Comment un secteur -privé harcelé, menacé dans son existence à cause des activités économiques informelles évaluées aujourd’hui à plus de 54% et à la dictature d’une nouvelle classe d’affairistes nouveaux riches et de syndicats destructeurs- peut-il résister aux pressions qu’il subit de toutes parts?
Des pressions et même une déstabilisation orchestrées par des syndicats dont les pratiques s’apparentent plus à une nouvelle forme de dictature qu’à des revendications salariales ou d’autres soucieuses de l’amélioration du climat professionnel. Des syndicats qui servent les intérêts de partis (extrémistes) dont la seule volonté est la dislocation de ce qui reste de l’Etat. Un Etat absent et incapable d’appliquer les lois ou de sanctionner les contrevenants. Ce qui est largement suffisant pour que les mafias des affaires, des syndicats et leurs donneurs d’ordre imposent leurs lois.

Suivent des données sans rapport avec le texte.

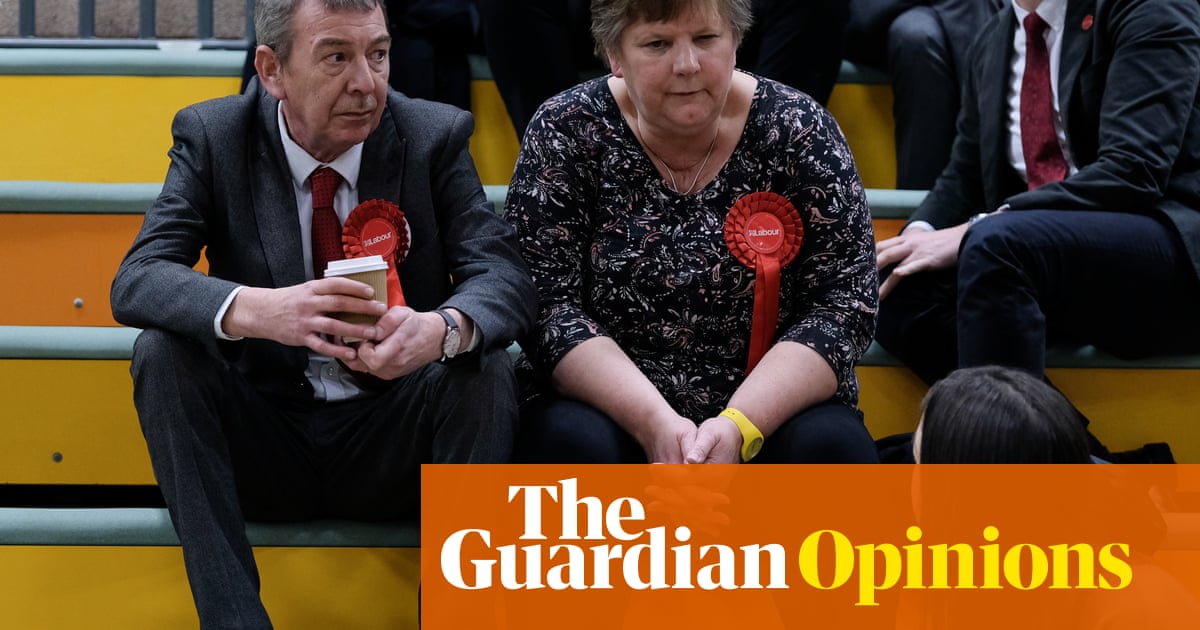 Out of this darkness we must find the will to fight back | George Monbiot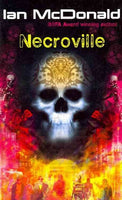 Necroville Ian McDonald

“Beaucoup de forces ne veulent pas de changements”, a déclaré Walid Ben Amor, modérateur en prélude au thème du jour intitulé «Rôle du secteur privé dans le développement et sa nature». Une conférence présentée par Habib Zitouna, économiste, lors du symposium organisé par l’Association tunisiennes des économistes tunisiens (ASECTU) et le Forum des recherches économiques.
Pour le conférencier, dont la présentation préparée en français a été exprimée en dialecte tunisien -ce qui n’a pas été dans le sens d’une plus grande clarté des idées et de l’éloquence du discours-, «notre façon de réfléchir est contradictoire. Nous voulons une économie de marché sensée offrir au secteur privé une plus grande place sur les plans décisionnel et opérationnel, et en même temps nous demandons à l’Etat d’être plus présent. C’est une revendication insistante depuis janvier 2011».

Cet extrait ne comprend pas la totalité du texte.